À mon frère Edmond, en Amérique


 
Tous le voyaient en rêve aux terres atlantiques,
Et, malgré les boas et les serpents ailés,
Chercheurs d’El-Dorado, les voilà tous allés
Au pays lointain des Caciques.
Là, sur un lit d’onyx et de saphirs, il dort,
Le vieillard idéal couvert de poudre d’or !
Au pays lointain des Caciques
Heureux, nouveaux Jasons, ceux-là qui sont allés !
Qu’importent les boas et les serpents ailés,
Si l’on suit son beau rêve aux terres atlantiques ! —

Fantôme du bonheur, son ombre, son reflet,
Que vous attirez l’âme humaine !
Ah ! s’il est un bonheur pur, durable, complet,
Anges, emportez-nous vers son riche domaine !

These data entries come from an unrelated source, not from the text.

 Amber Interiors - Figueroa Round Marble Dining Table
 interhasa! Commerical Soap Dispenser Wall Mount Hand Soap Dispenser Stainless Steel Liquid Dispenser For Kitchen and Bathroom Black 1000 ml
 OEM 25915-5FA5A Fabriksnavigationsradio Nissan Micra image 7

Dieu sur tout l’univers refléta sa beauté.
Notre âme par instinct cherche la belle image,
Et, croyant la saisir, frémit de volupté ;
Ô mers, cieux étoiles, vallons pleins de ramage,

Où l’homme bien souvent poursuit son idéal,
Jusqu’au divin auteur transmettez cet hommage !
Heureux les cœurs saisis d’un amour virginal,
L’un dans l’autre absorbés comme en leur bien suprême :
« Enfin, murmurent-ils, j’ai l’être sans égal ! »
C’est que l’objet aimé nous semble Dieu lui-même. —

Fantôme de l’amour, son ombre, son reflet,
Que vous entraînez l’âme humaine !
Anges, emportez-nous vers le brûlant domaine
Où rayonne l’amour pur, durable, complet !
 
Des âmes ont trouve des ailes
Pour voler avant l’heure aux choses éternelles.
Elles ont vu, — l’Amour, dissipant tout brouillard,
Fervent, leur déroulait ses plaines infinies, —
Enfin elles ont vu le mystique vieillard !
Ô saint El-Dorado, roi des sphères bénies,
Après ta grande voix que sont nos harmonies ?
Nos rubis sont les feux de ton ardent regard.
Pour voler avant l’heure aux choses éternelles,
Des âmes ont trouvé des ailes.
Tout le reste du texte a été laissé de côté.